It was Liz Smith’s idea. When she turned 80, she asked friends
instead of sending her a birthday present, to contribute something
to the Mayor’s Fund. The fund received more than $200,000
in her name. She was so moved by the result that she got the bright
idea of expanding the possibilities. Fete de Swifty, a name created
by her longtime friend Peter Rogers, the advertising guru, is a
tribute to the earlier Fete de Famille that was held two blocks
up the avenue in the 80s and 90s by Glenn Birnbaum and Mortimer’s
Restaurant.
In the beginning, when the committee was first formed – there
was a lot of doubt about the potential of a new charitable venture
in New York. Liz ignored all that and insisted that we move forward.

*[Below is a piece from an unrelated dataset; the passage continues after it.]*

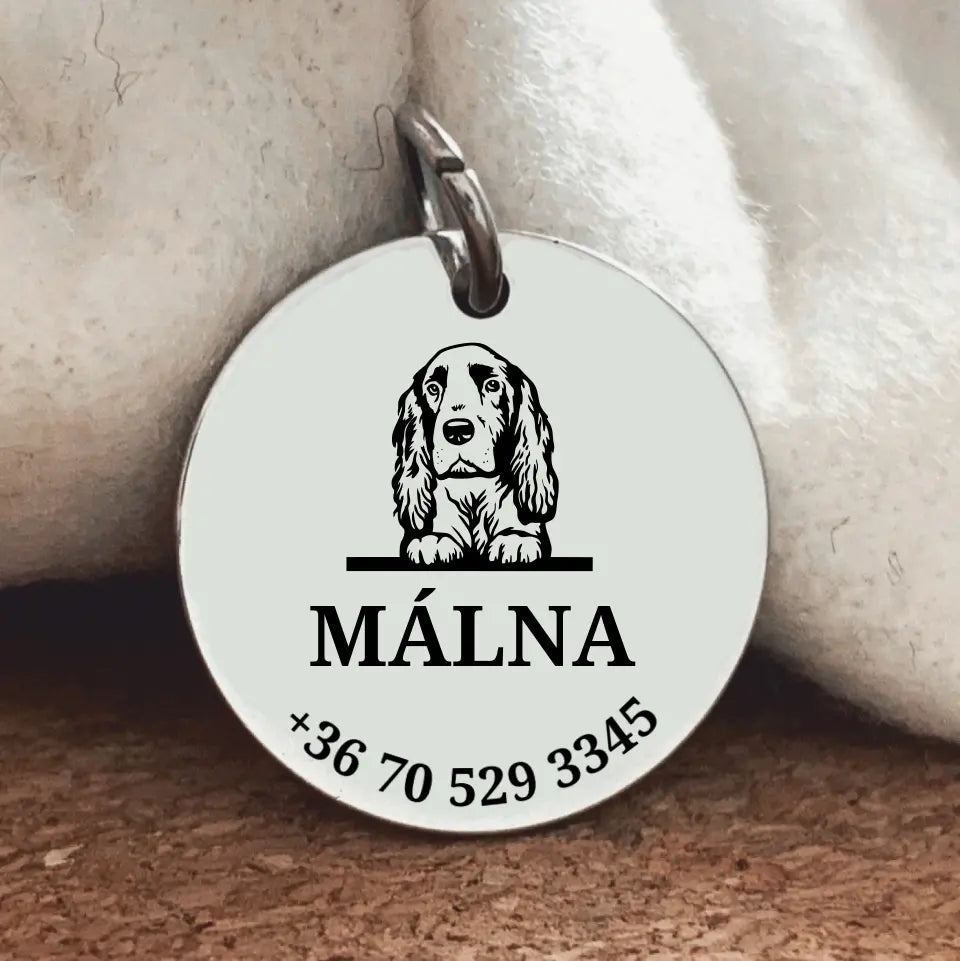 Gravírozott biléta Spániel kutyának egyedi medál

To prove her point she rustled up almost a hundred thousand dollars
in seed money from friends and supporters. Before the night was
finished, that sum had reached close to $600,000.
It was just a great big festive cocktail party – lots of
food from Swifty’s – tea sandwiches, those little hotdogs
that you can eat by the dozens, shellfish, little hamburgers, tables
full of desserts, two big bars, acrobats, juggling acts, people
on stilts, a jazz band and a disco, as well as a live auction conducted
by Jamie Niven which raised about $25,000 and a silent auction
that raised another ten or fifteen.
Mayor Bloomberg came and spoke, and thanked the crowd, and everyone
decided that this was going to be a very successful annual affair.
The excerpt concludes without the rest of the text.